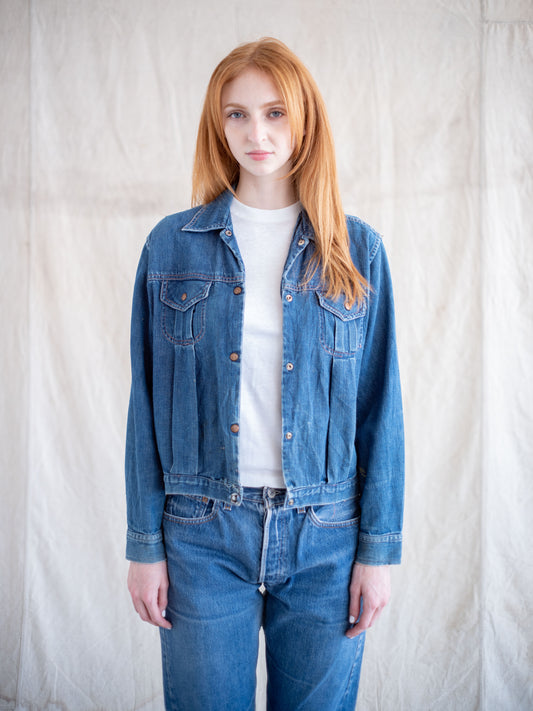 1960’s/1970’s Unbranded Denim Top with Pink Stitching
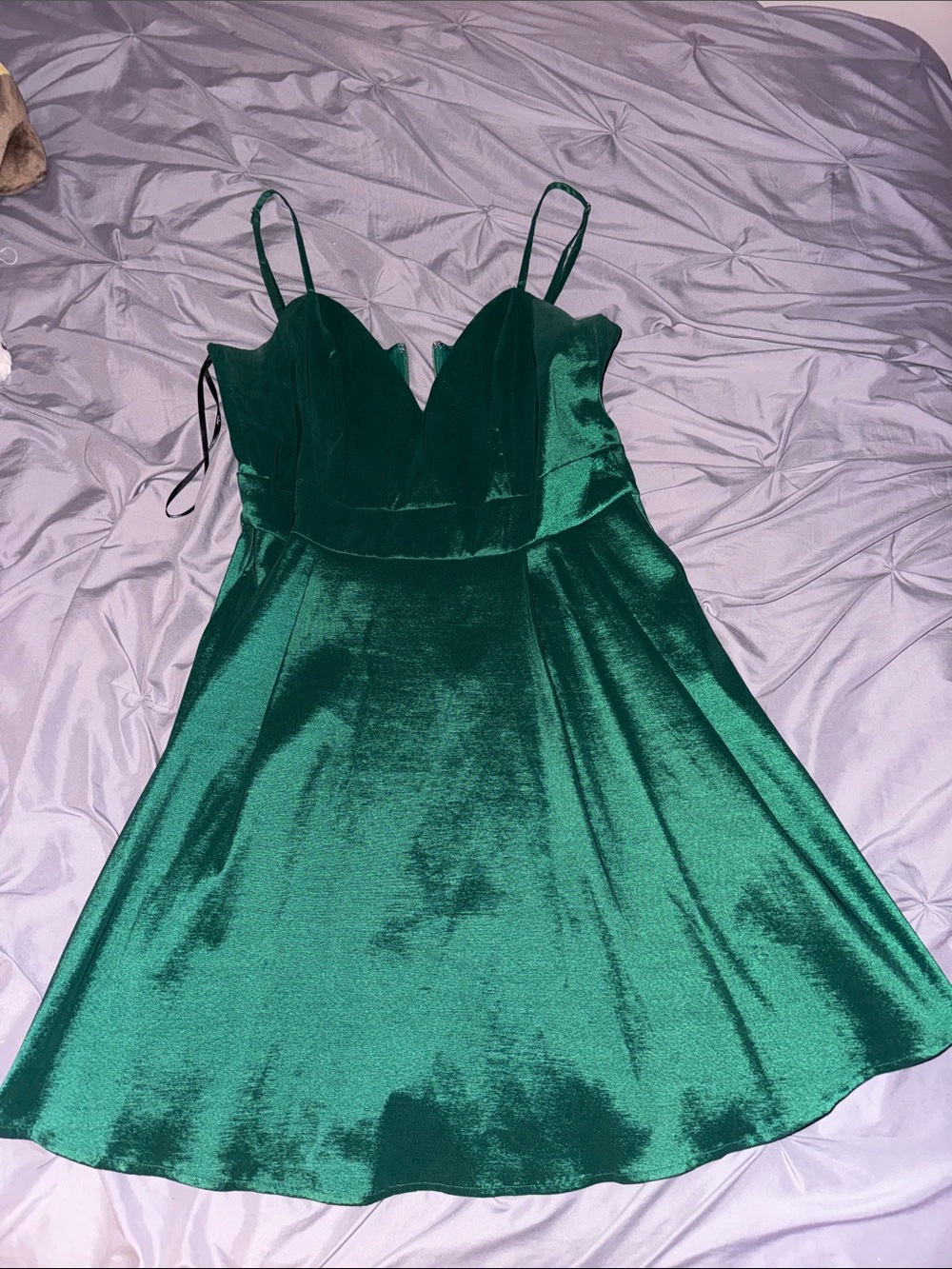 Lulu's Emerald Green Satin Mini Dress with Spaghetti Straps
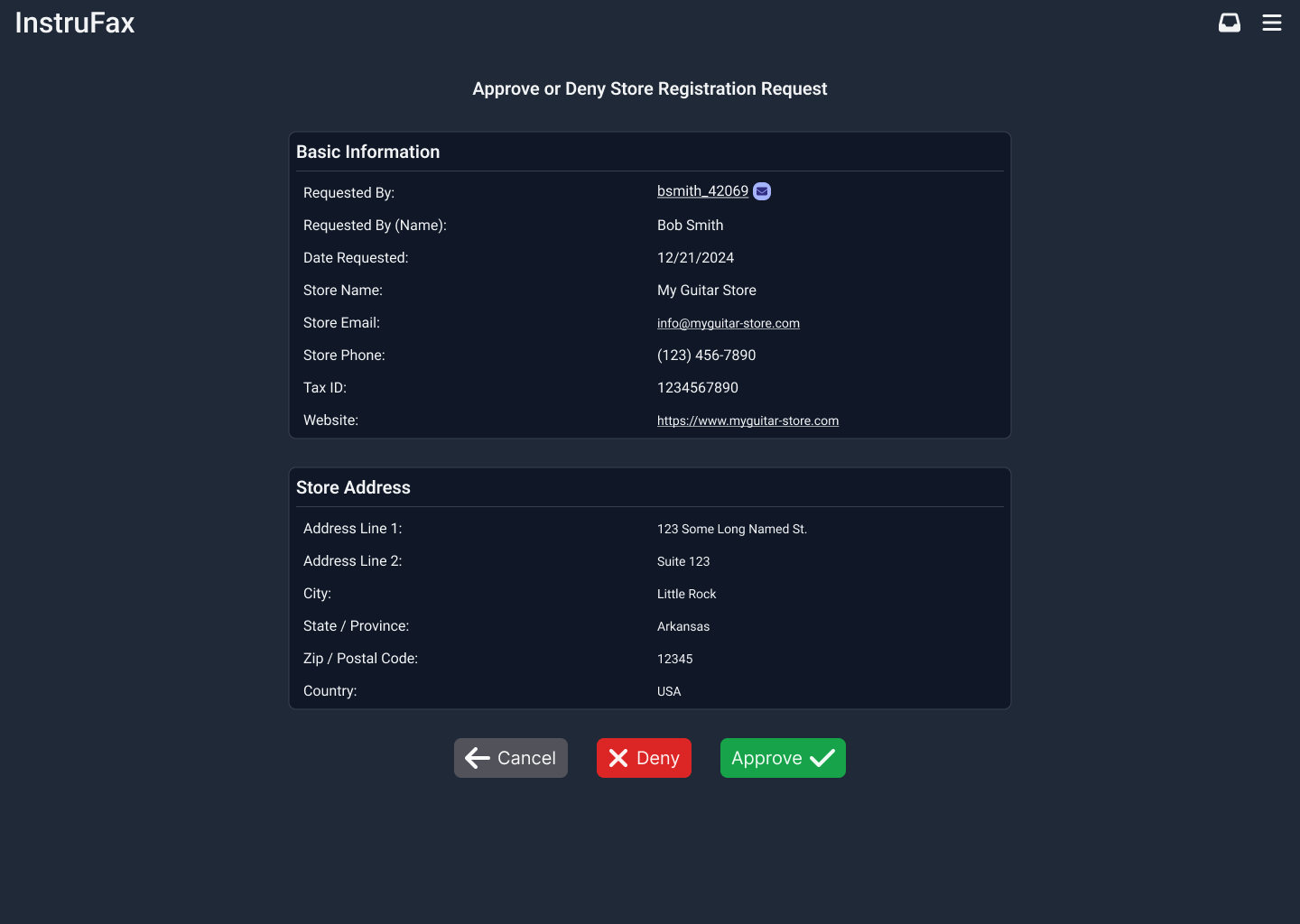 Web admin: store registration approval detail view with approve and deny actions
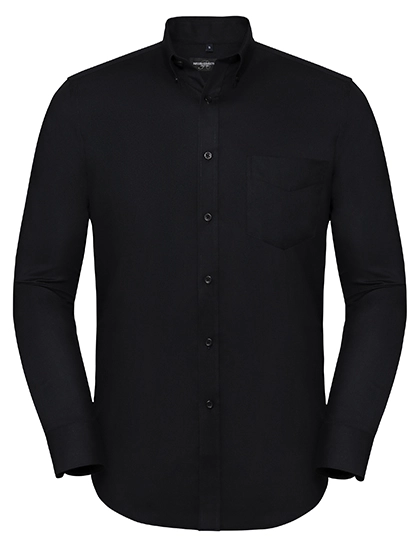 Men´s Long Sleeve Tailored Button-Down Oxford Shirt zum Besticken und Bedrucken in der Farbe Black mit Ihren Logo, Schriftzug oder Motiv.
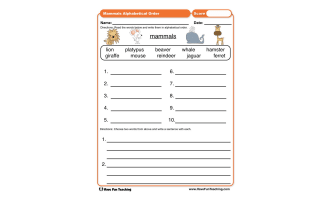 Mammals ABC Order Worksheet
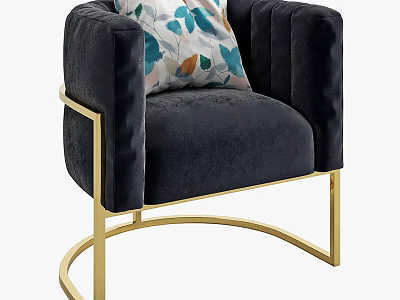Dark Blue Velvet Single Sofa With Striped Armrests Golden Metal Frame And Leaf Patterned Pillow 3d model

- - - - - - -

Whenever you reach a picture, pass over it; print all the other material exactly.

 1960’s/1970’s Unbranded Denim Top with Pink Stitching
 Lulu's Emerald Green Satin Mini Dress with Spaghetti Straps
 Web admin: store registration approval detail view with approve and deny actions
 Men´s Long Sleeve Tailored Button-Down Oxford Shirt zum Besticken und Bedrucken in der Farbe Black mit Ihren Logo, Schriftzug oder Motiv.
 Mammals ABC Order Worksheet
Dark Blue Velvet Single Sofa With Striped Armrests Golden Metal Frame And Leaf Patterned Pillow 3d model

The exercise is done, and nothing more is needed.